Authors: Justin Richards, Stephen Cole and Jacqueline Rayner
Read by: Nicholas Briggs and Camille Coduri
Publisher: BBC Audio
RRP: £35.00 (CD), £16.00 (download)
ISBN: 978 1 78753 593 0 (CD), 978 1 78753 594 7 (download)
Release Date: 02 May 2019

Nicholas Briggs and Camille Coduri are the readers of these three original stories featuring the Ninth Doctor and Rose Tyler, as played on TV by Christopher Eccleston and Billie Piper. Join the Doctor and Rose on these journeys in time and space, as they encounter faceless killers in 1920s London, get trapped in an alien prison camp, and discover something very sinister behind the latest video-game craze…

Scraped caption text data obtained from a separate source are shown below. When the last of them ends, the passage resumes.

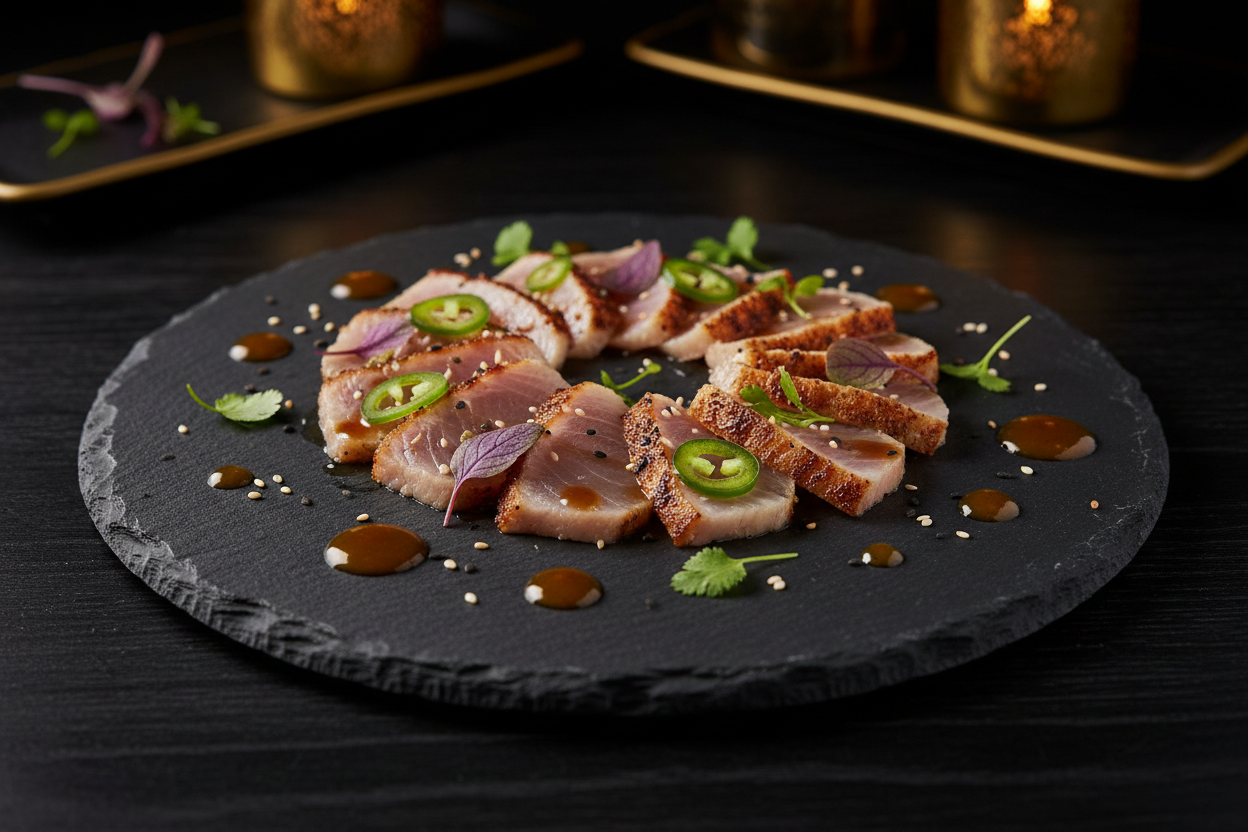 hamachi tataki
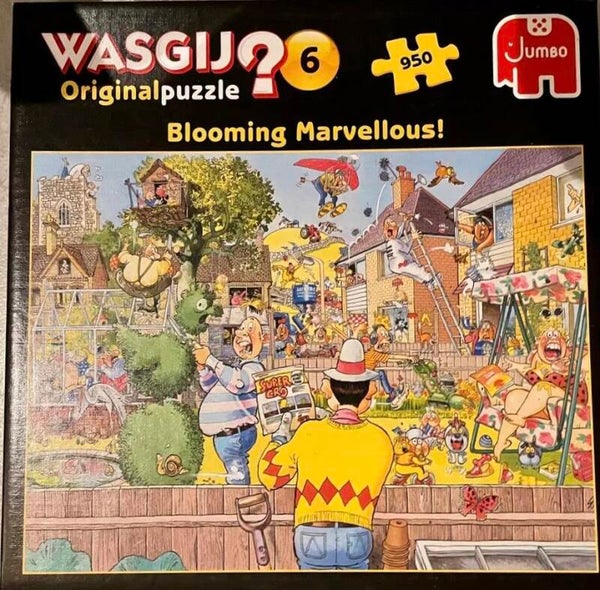 Wasgij Original No. 6 Blooming Marvellous! - 950
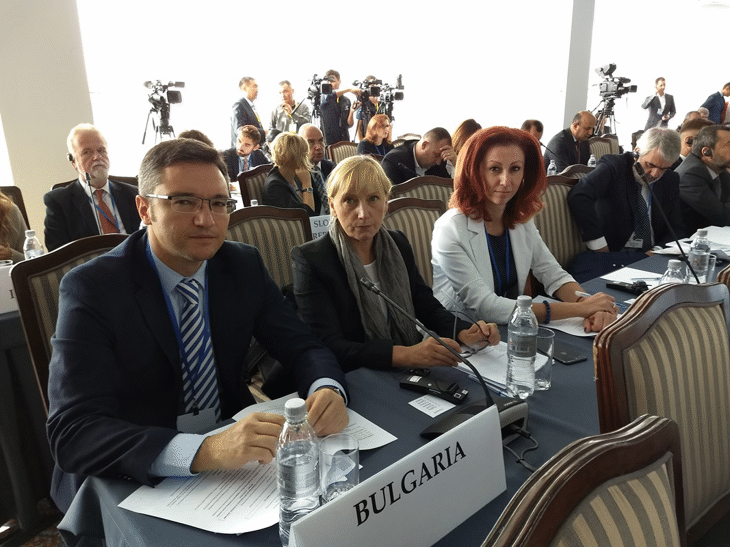 Кристиан Вигенин в Киргизстан: Корупцията и политическият чадър над организираната престъпност пречат на постигането на сигурен и ефективен граничен контрол в глобален мащаб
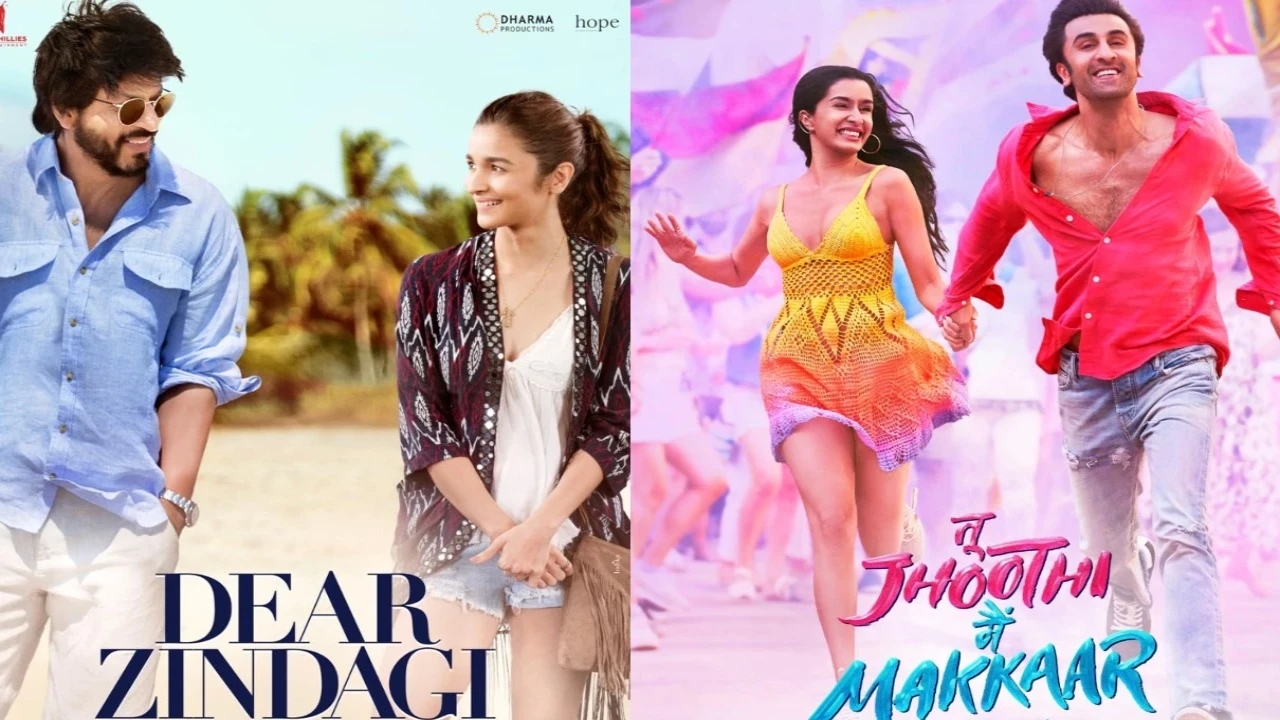 Say No to gloomy rainy days with these 5 films on Netflix: Dear Zindagi, Tu Jhoothi Main Makkaar and more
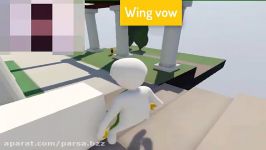 گیم پلی بازی human fall flat شل ول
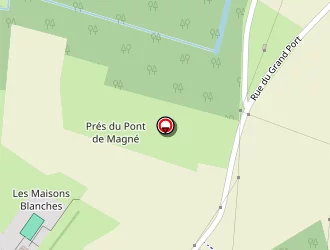 Carte de Prevost Elisabeth à Magné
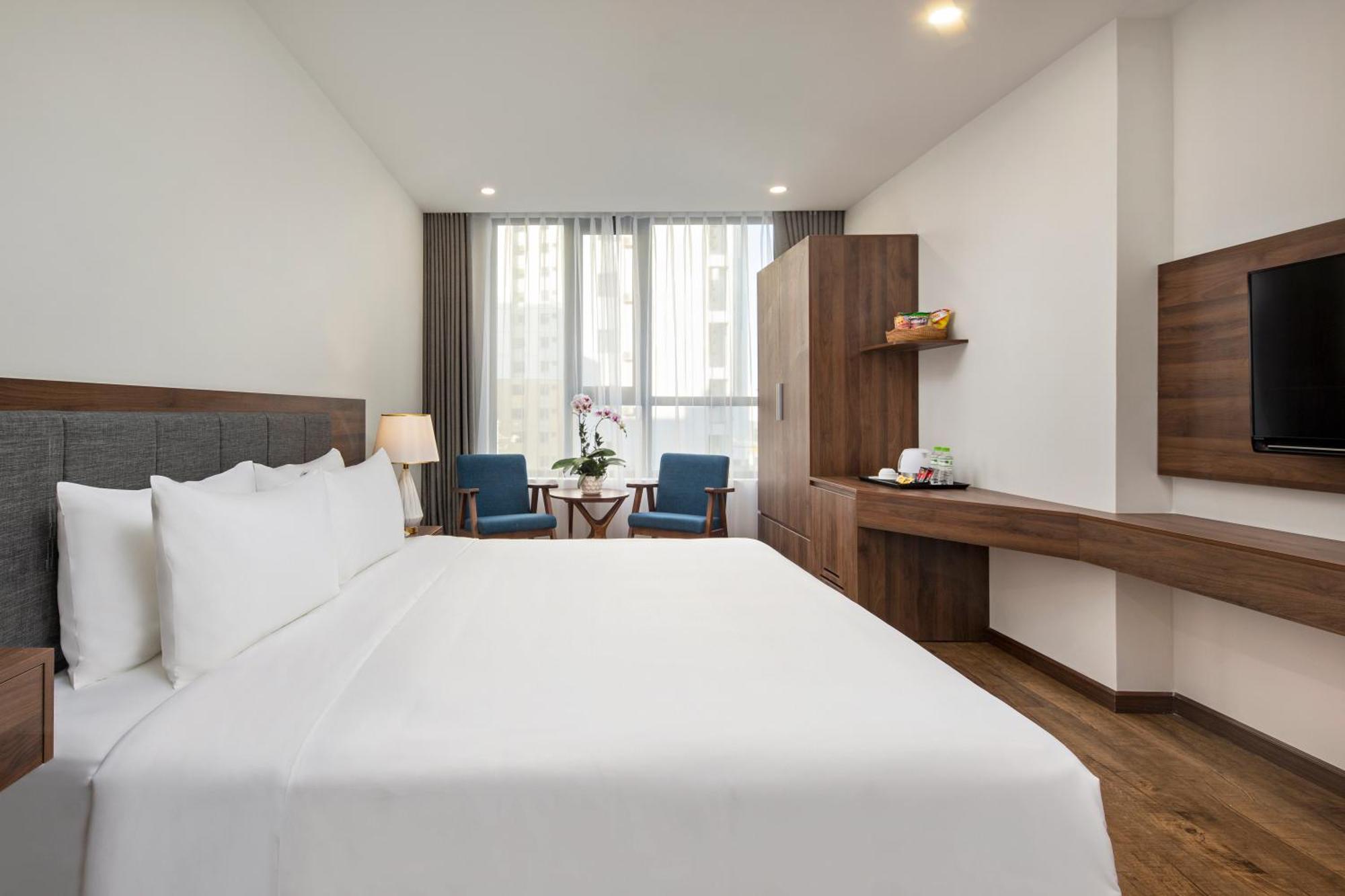 Capecia Danang Hotel And Apartment Zewnętrze zdjęcie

So, you may be wondering, why are box sets of Ninth Doctor audio books coming out after the Tenth Doctor ones? Well, it’s because that’s the order in which the individual releases came out. It was not until 2011 that BBC Audio (or AudioGO as it was then) went back and recorded the six novels featuring Christopher Eccleston’s Doctor, which had originally been published in 2005. The first three are brought together in this collection, and because the publisher had stopped truncating its talking books by this point, they are all unabridged, running to a total of 18 hours.

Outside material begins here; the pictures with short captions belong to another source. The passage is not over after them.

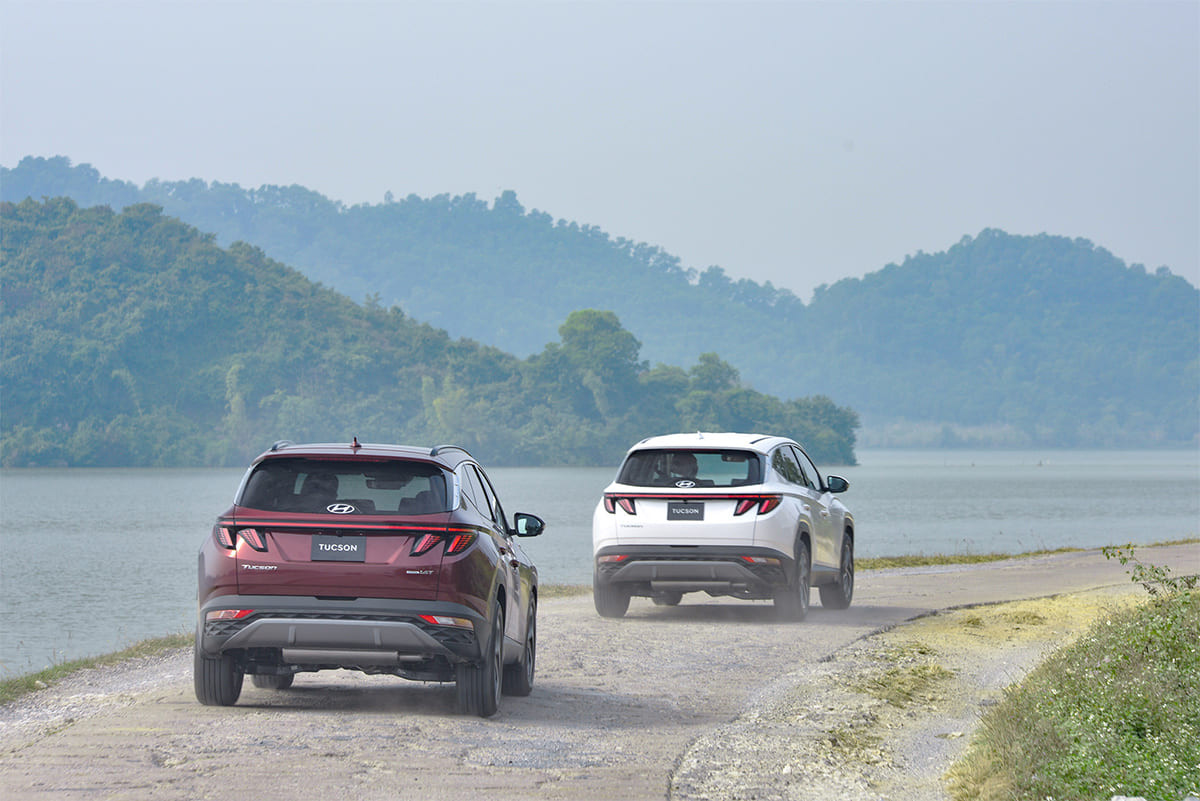 Vận hành Hyundai Tucson 2022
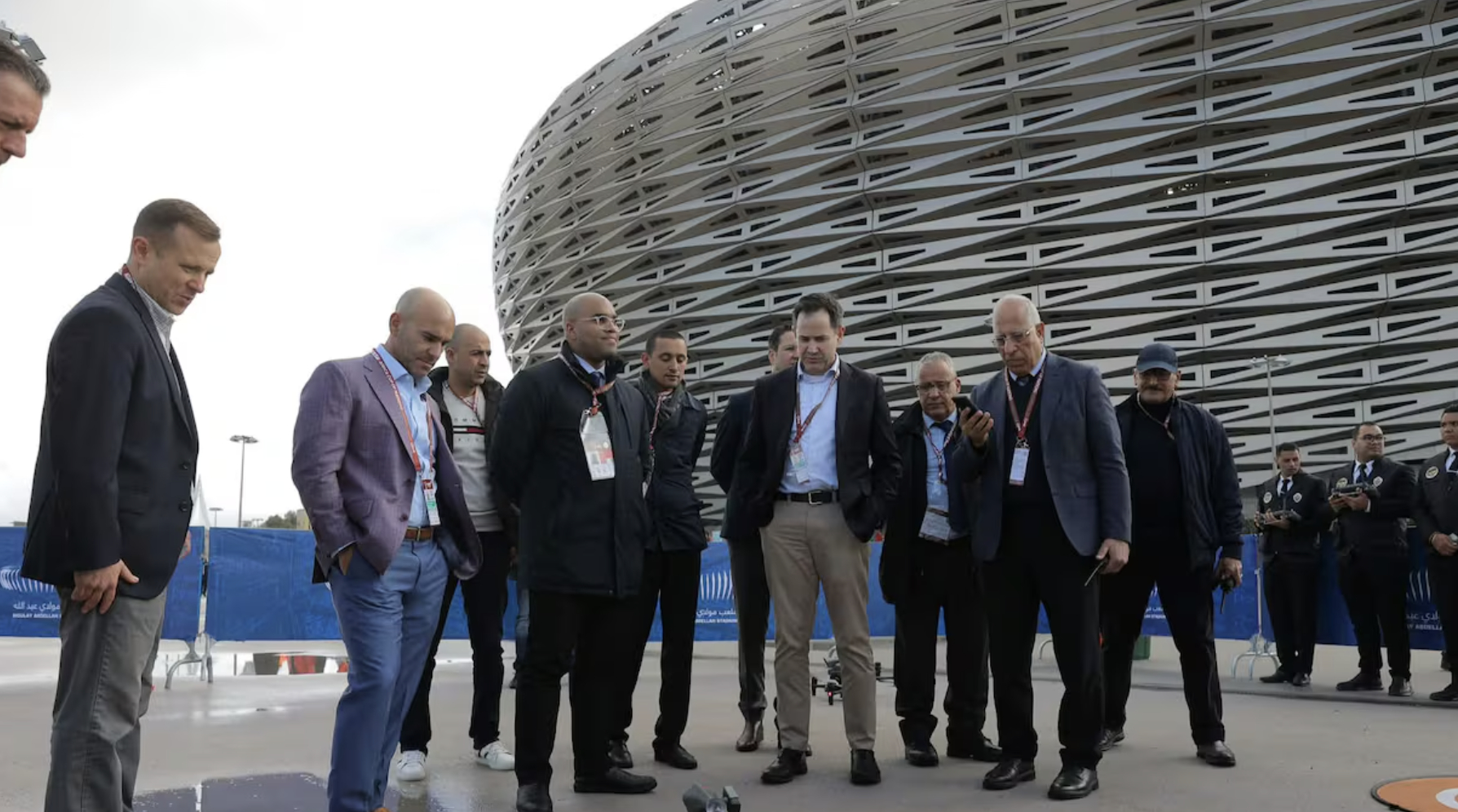 مديرية الأمن تستقبل وفدا رسميا من «FBI» للاطلاع على ترتيبات أمن كأس أمم إفريقيا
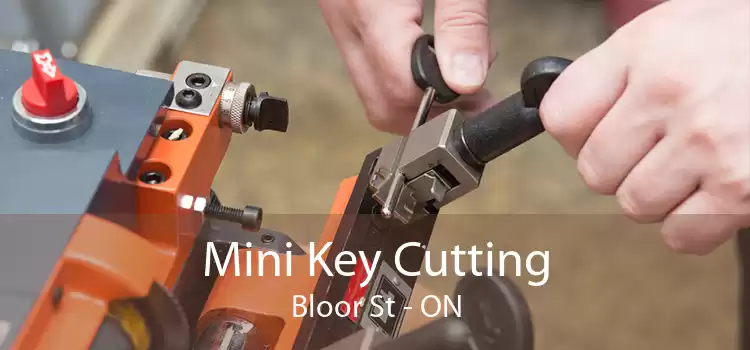 Mini Key Cutting Bloor St - ON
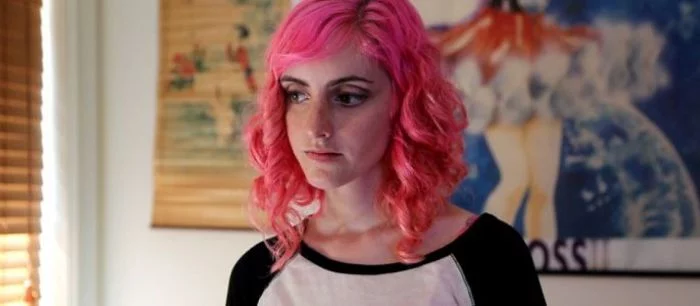 Девушка разрабатывает игру, в которой с ней нужно заняться сексом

Taking their cue from the television series, as reformatted by executive producer Russell T Davies, the titles that launched the New Series Adventures range are set in distinctly different eras: past, present and future. The Clockwise Man, written by Justin Richards, takes place in Britain’s past; Jacqueline Rayner’s Winner Takes All involves an alien threat to present-day Earth; and The Monsters Inside, by Stephen Cole, is set in the far future and features lots of weird aliens. In line with Series 1, there’s even a “bad wolf” reference in each story.

With the family audience of the revived show in mind, these books are aimed at a younger market than the original novels that had gone before, featuring the first eight Doctors. The New Series Adventures aren’t just for kids, but there are none of the overt sexual references or instances of strong language that had occasionally cropped up in the New Adventures, Missing Adventures, Eighth Doctor Adventures and Past Doctor Adventures. The authors make a point of including juvenile characters in their plots, such as a tragic little boy called Freddie, who gets involved in the thick of the action in The Clockwise Man

In 1920s London, the Ninth Doctor and Rose Tyler find themselves caught up in the hunt for a mysterious murderer. But not everything is what it seems. Secrets lie behind locked doors and inhuman killers roam the streets. Who is the Painted Lady and why is she so interested in the Doctor? Why is everyone so protective of a frail young boy called Freddie? How can a cat return from the dead? Can anyone be trusted to tell – or even to know – the truth? With the faceless killers closing in, the Doctor and Rose must solve the mystery of the Clockwise Man before London itself is destroyed…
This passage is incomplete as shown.